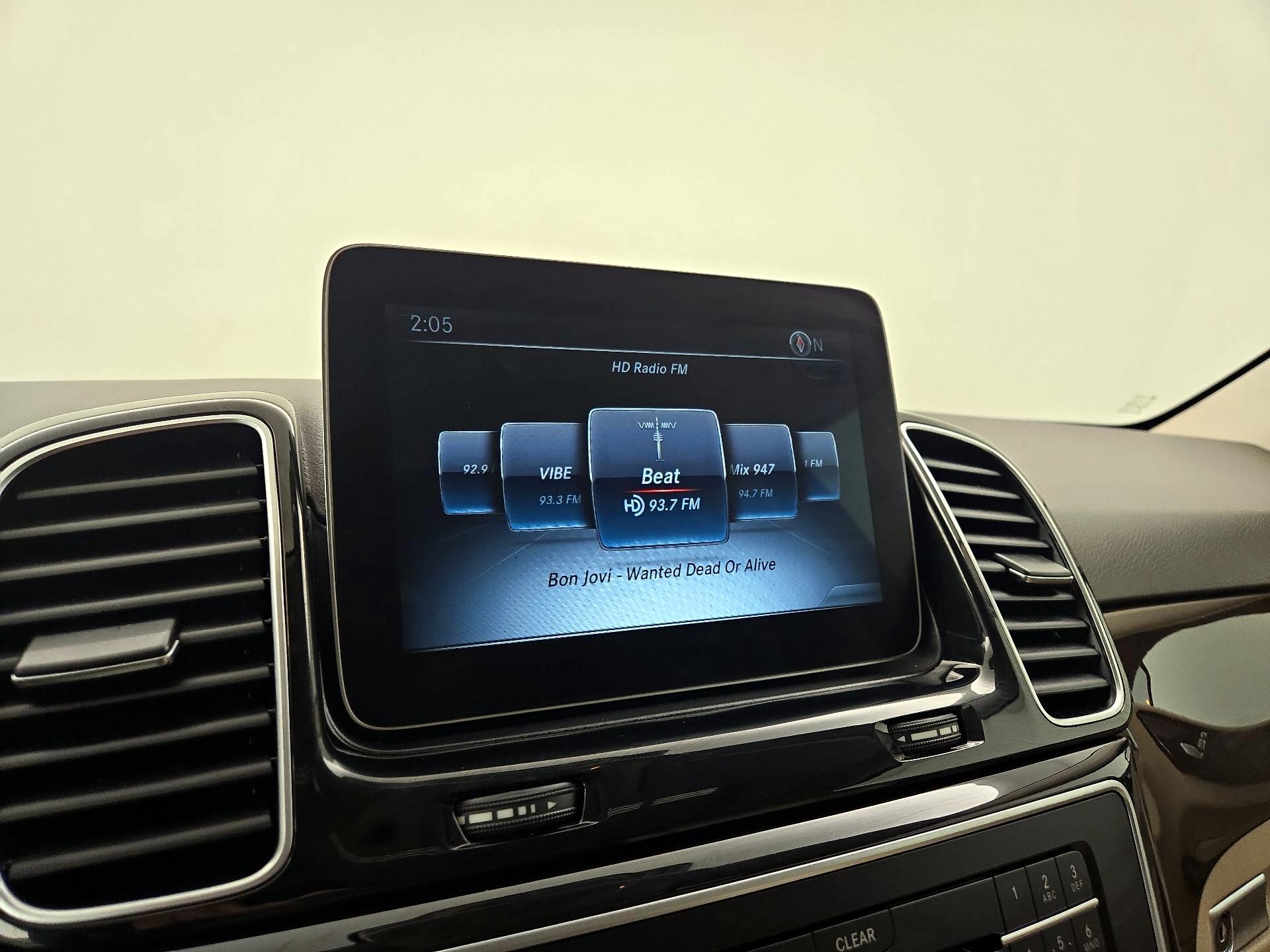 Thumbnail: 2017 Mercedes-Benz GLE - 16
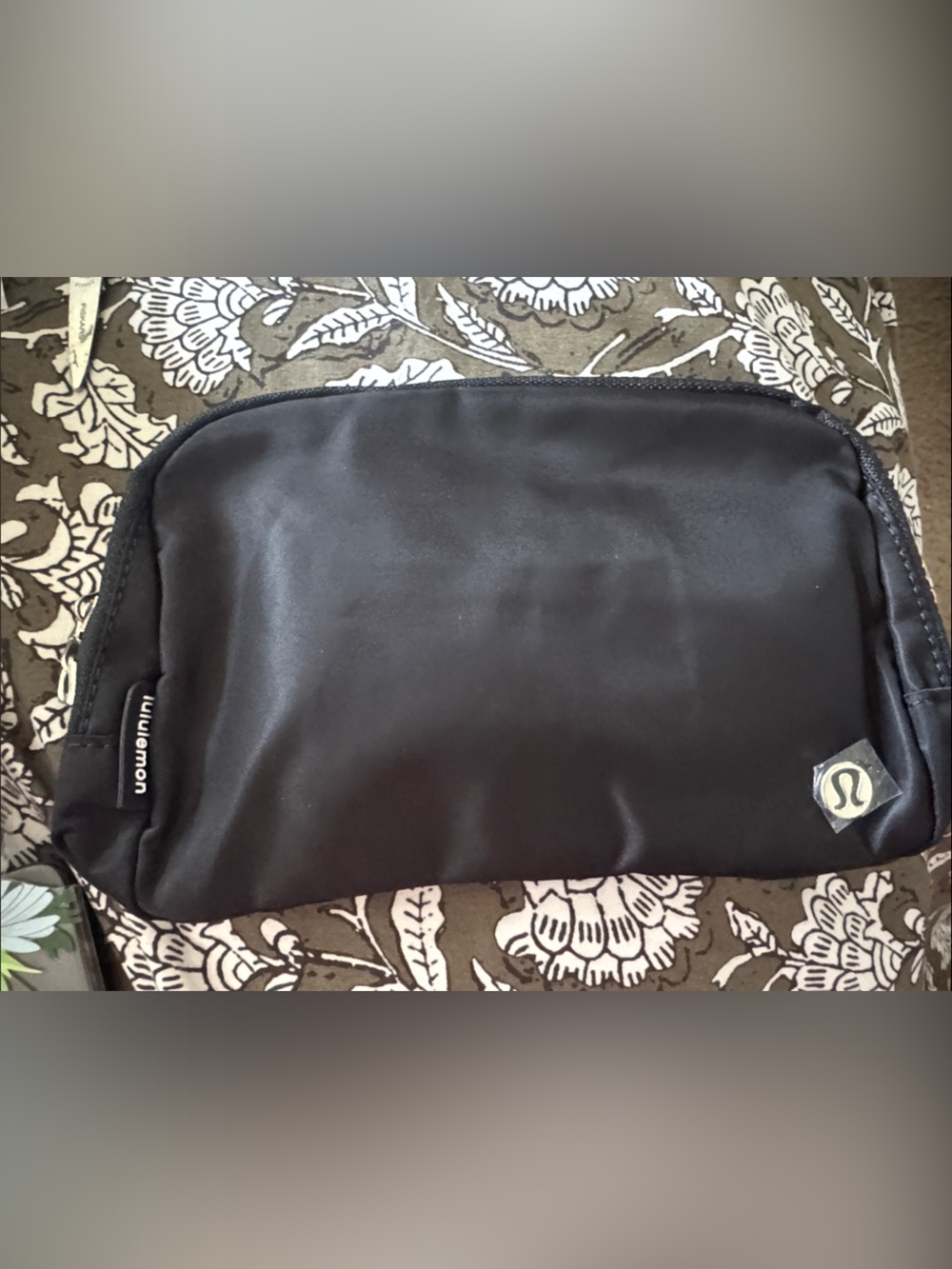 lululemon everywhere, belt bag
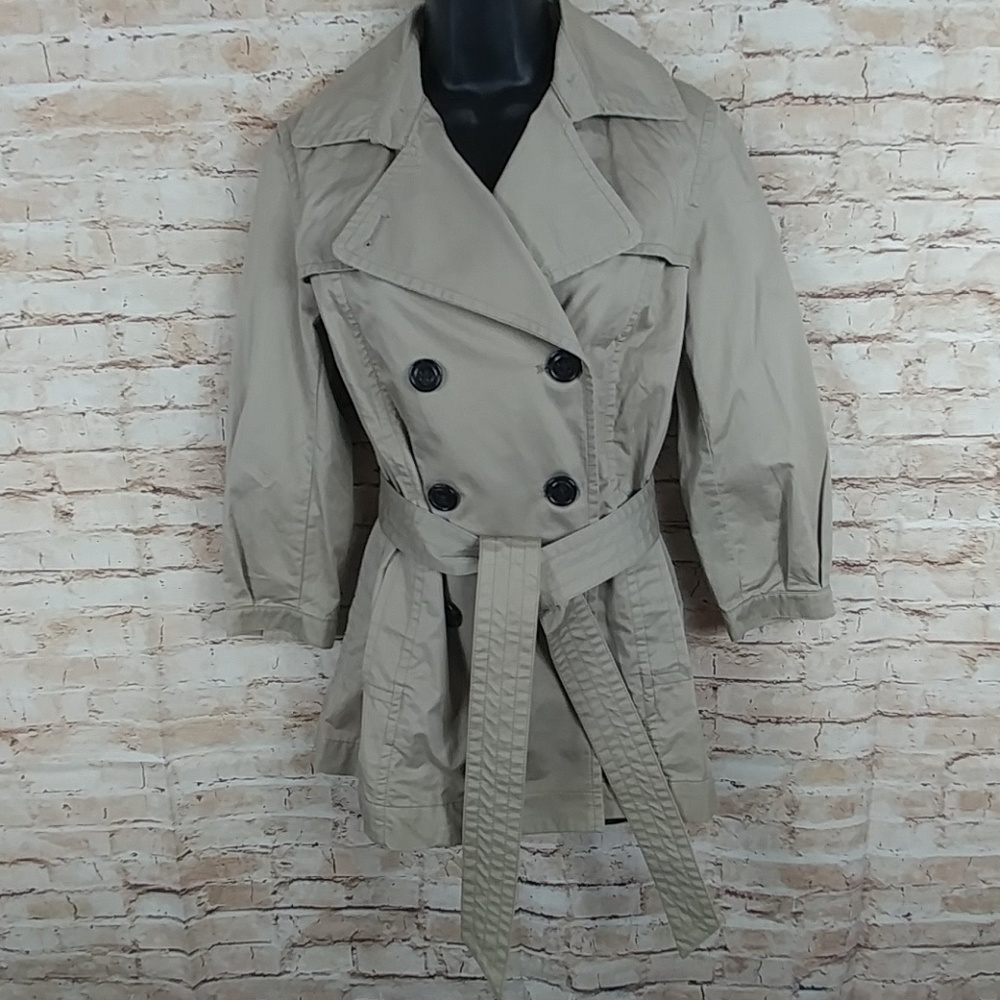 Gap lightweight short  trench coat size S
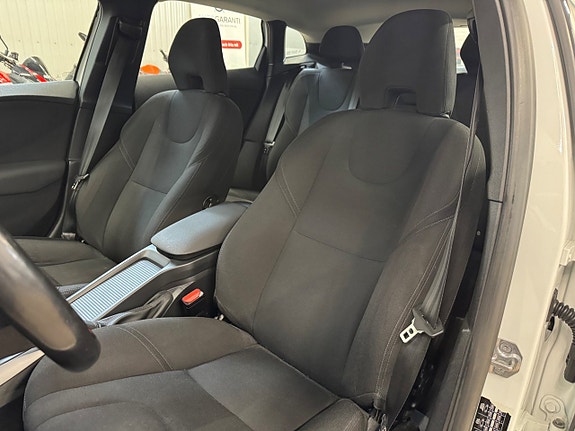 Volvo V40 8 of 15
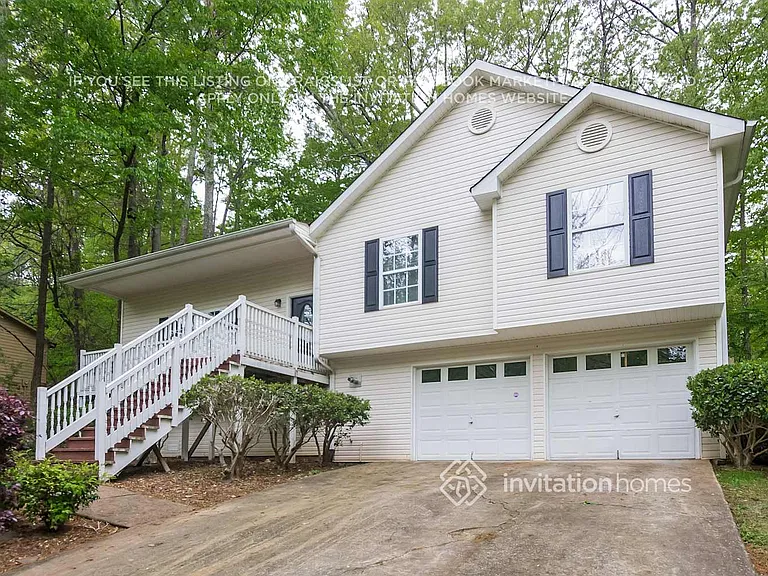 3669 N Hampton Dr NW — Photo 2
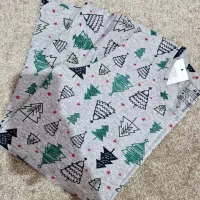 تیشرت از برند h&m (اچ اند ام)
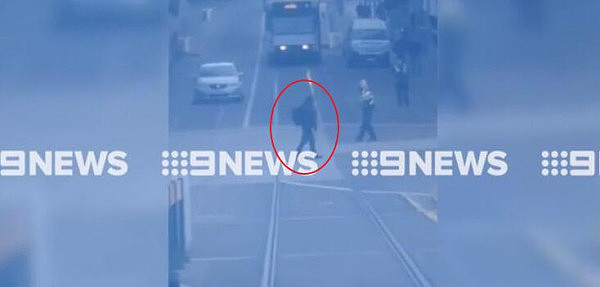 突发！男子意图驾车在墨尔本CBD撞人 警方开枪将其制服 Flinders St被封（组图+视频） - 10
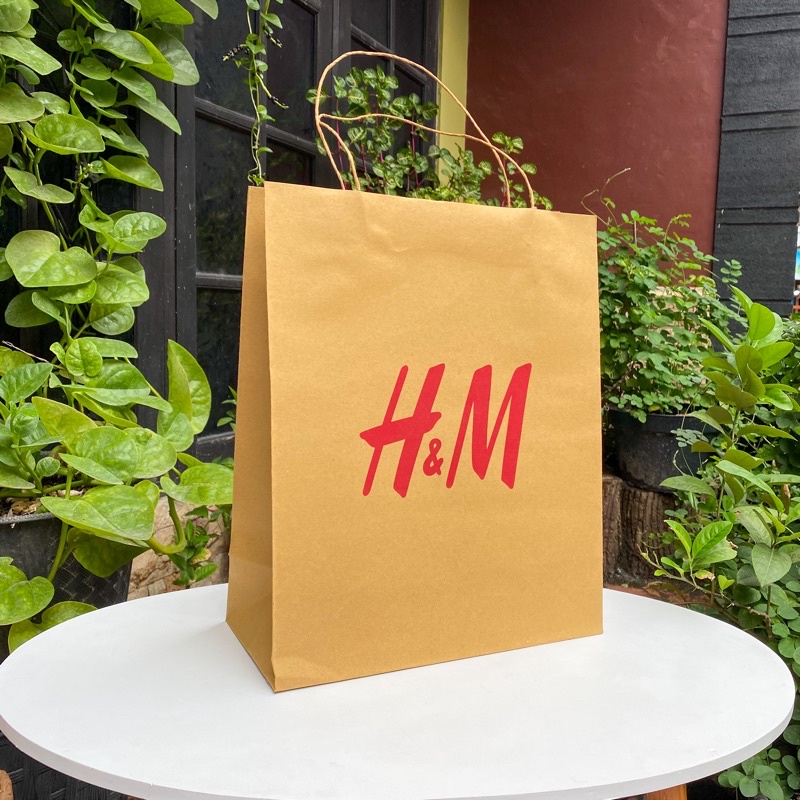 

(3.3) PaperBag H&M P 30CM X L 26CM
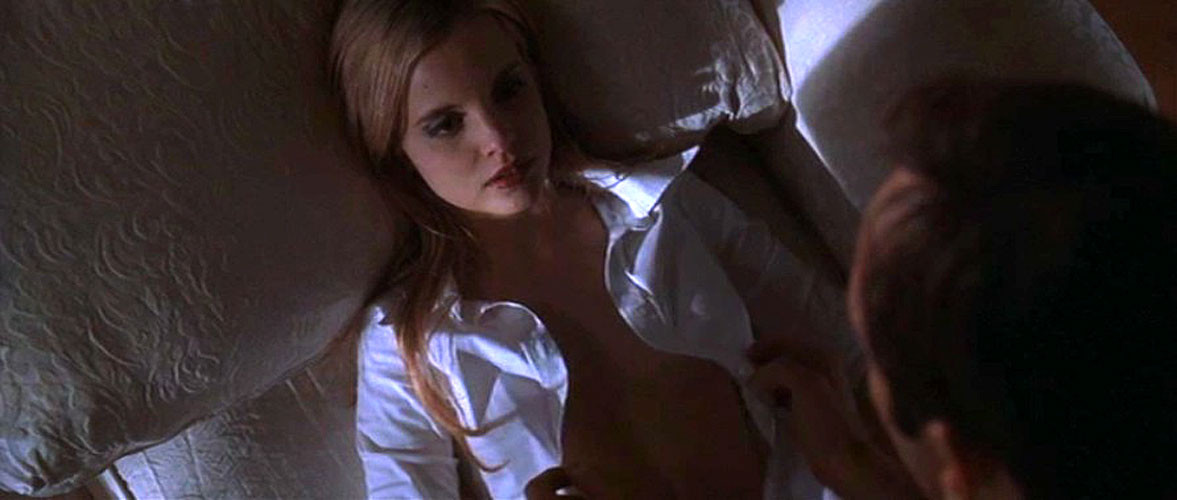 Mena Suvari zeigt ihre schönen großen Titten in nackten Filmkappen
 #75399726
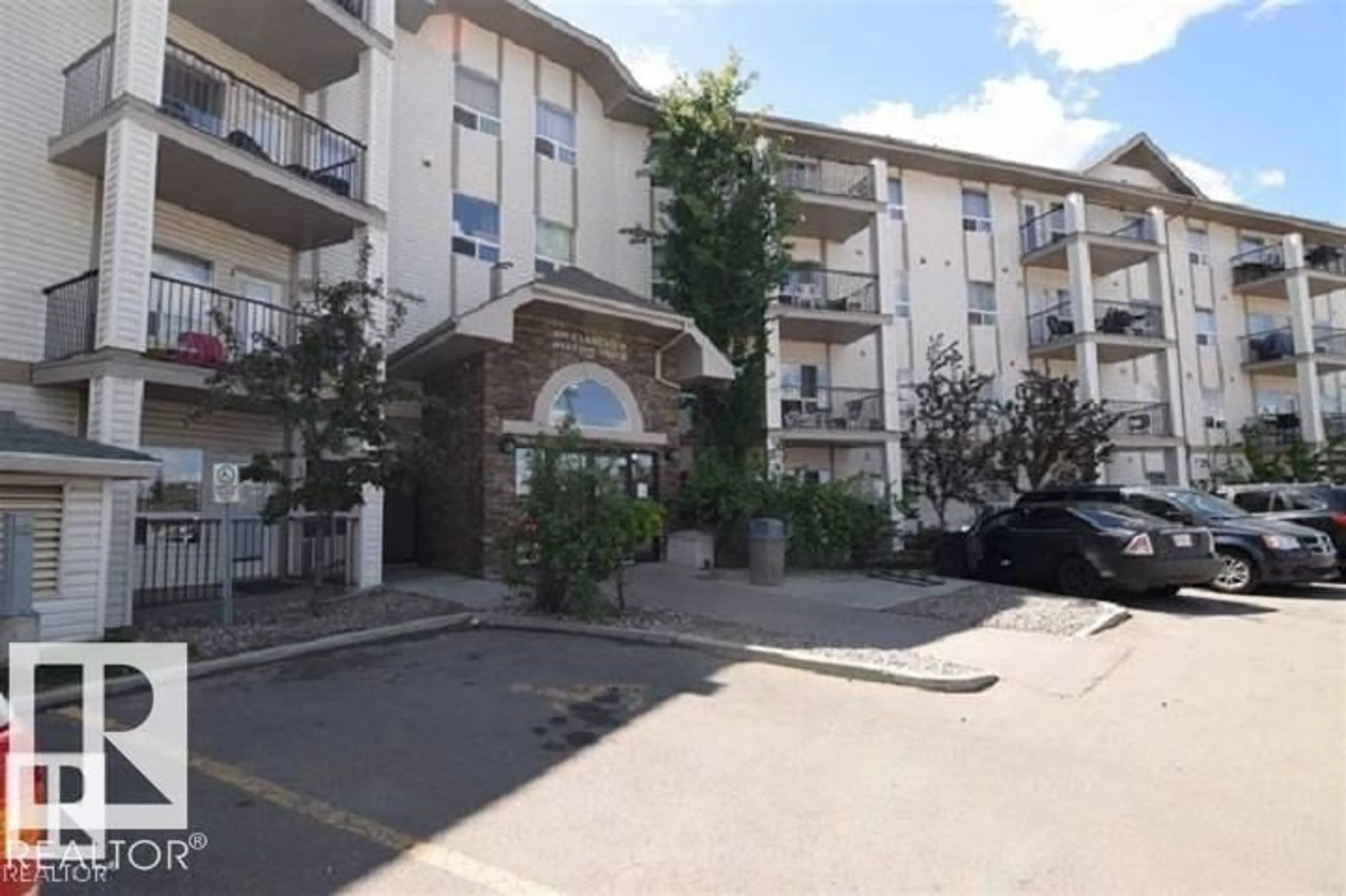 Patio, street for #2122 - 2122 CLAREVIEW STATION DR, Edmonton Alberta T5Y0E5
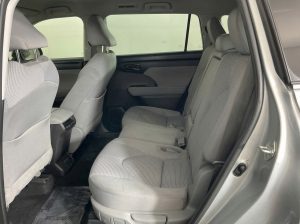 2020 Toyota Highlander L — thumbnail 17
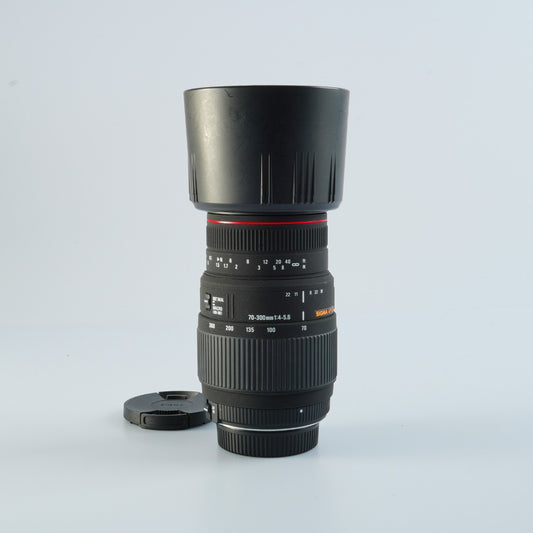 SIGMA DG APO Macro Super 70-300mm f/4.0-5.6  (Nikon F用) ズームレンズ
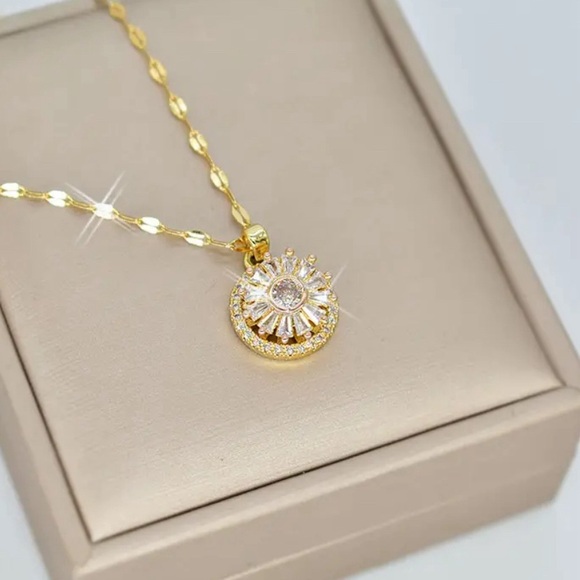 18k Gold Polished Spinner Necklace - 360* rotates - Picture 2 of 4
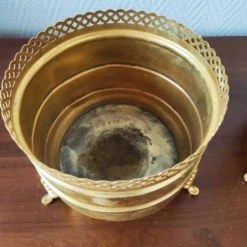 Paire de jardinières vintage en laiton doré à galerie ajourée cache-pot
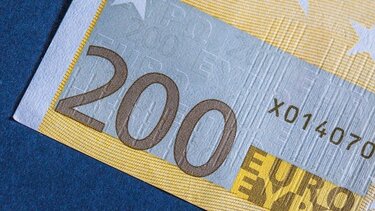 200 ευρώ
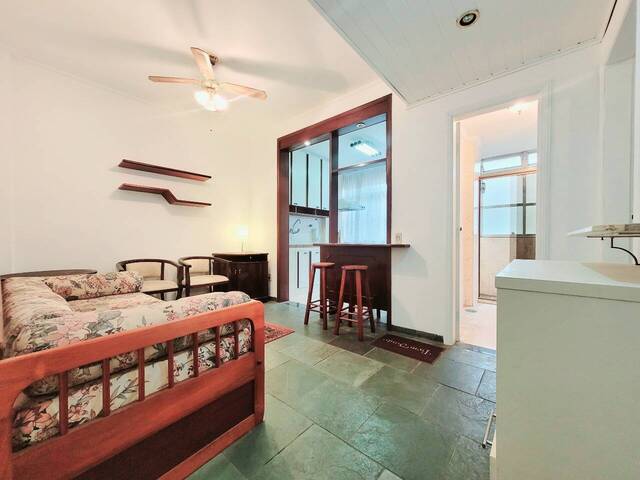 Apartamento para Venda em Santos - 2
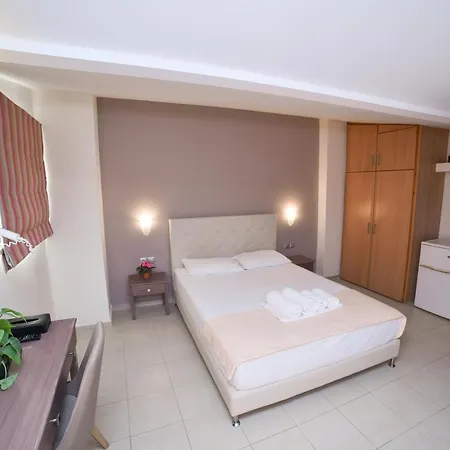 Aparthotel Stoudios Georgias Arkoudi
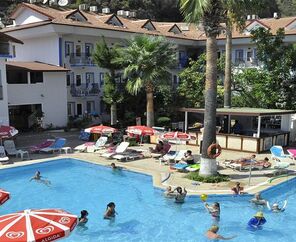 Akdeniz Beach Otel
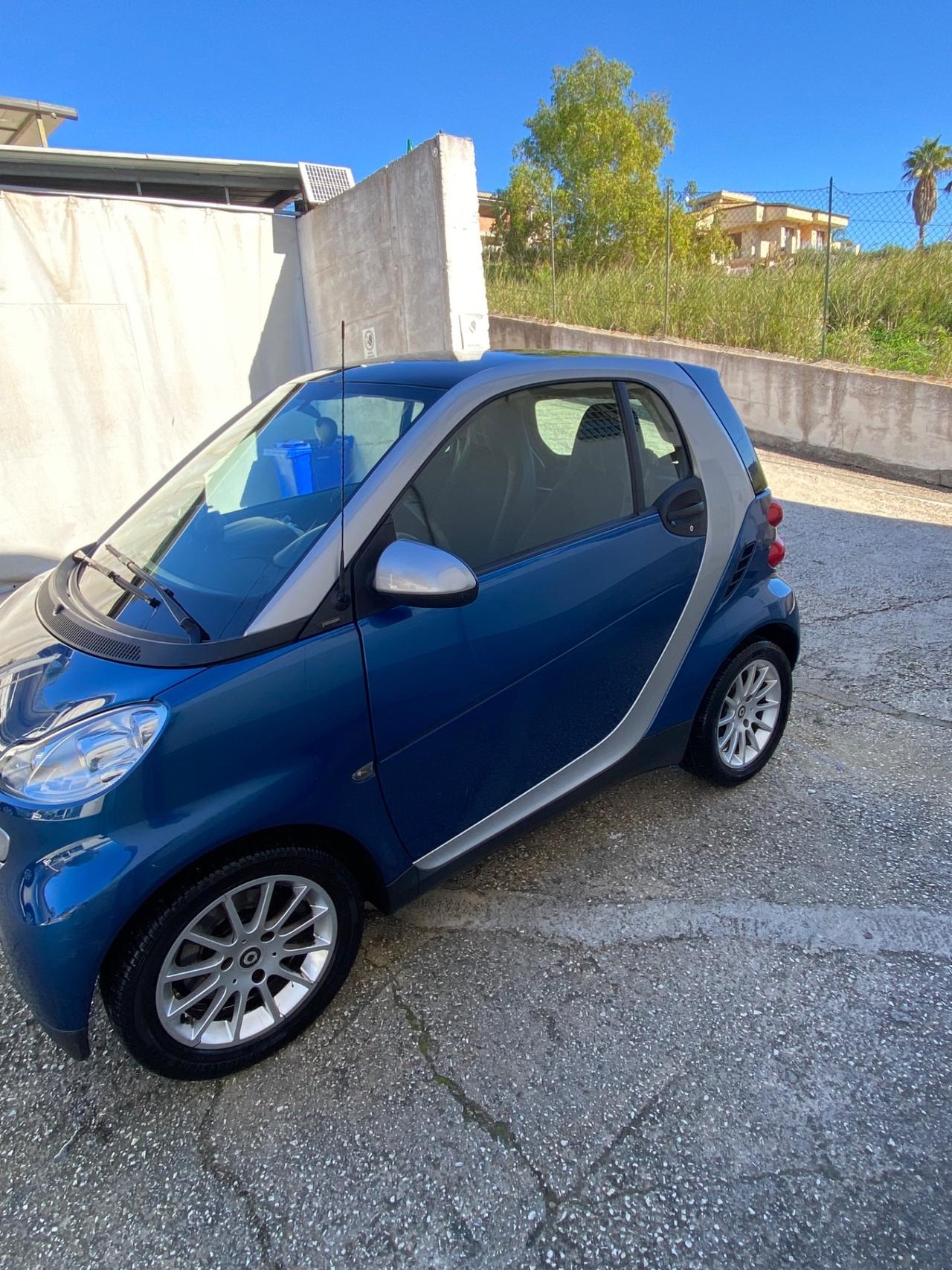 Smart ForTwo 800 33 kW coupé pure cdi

◇ ◇ ◇ ◇ ◇

▶ [WHAT TO WORK ON]:
Nothing but the records, repeated exactly and stripped of pictures, should appear in the answer.

▶ [EXERCISE SOLUTION]:
 Thumbnail: 2017 Mercedes-Benz GLE - 16
 lululemon everywhere, belt bag
 Gap lightweight short  trench coat size S
 Volvo V40 8 of 15
 3669 N Hampton Dr NW — Photo 2
 تیشرت از برند h&m (اچ اند ام)
 突发！男子意图驾车在墨尔本CBD撞人 警方开枪将其制服 Flinders St被封（组图+视频） - 10

(3.3) PaperBag H&M P 30CM X L 26CM
 Mena Suvari zeigt ihre schönen großen Titten in nackten Filmkappen
 #75399726
 Patio, street for #2122 - 2122 CLAREVIEW STATION DR, Edmonton Alberta T5Y0E5
 2020 Toyota Highlander L — thumbnail 17
 SIGMA DG APO Macro Super 70-300mm f/4.0-5.6  (Nikon F用) ズームレンズ
 18k Gold Polished Spinner Necklace - 360* rotates - Picture 2 of 4
 Paire de jardinières vintage en laiton doré à galerie ajourée cache-pot
 200 ευρώ
 Apartamento para Venda em Santos - 2
 Aparthotel Stoudios Georgias Arkoudi
 Akdeniz Beach Otel
 Smart ForTwo 800 33 kW coupé pure cdi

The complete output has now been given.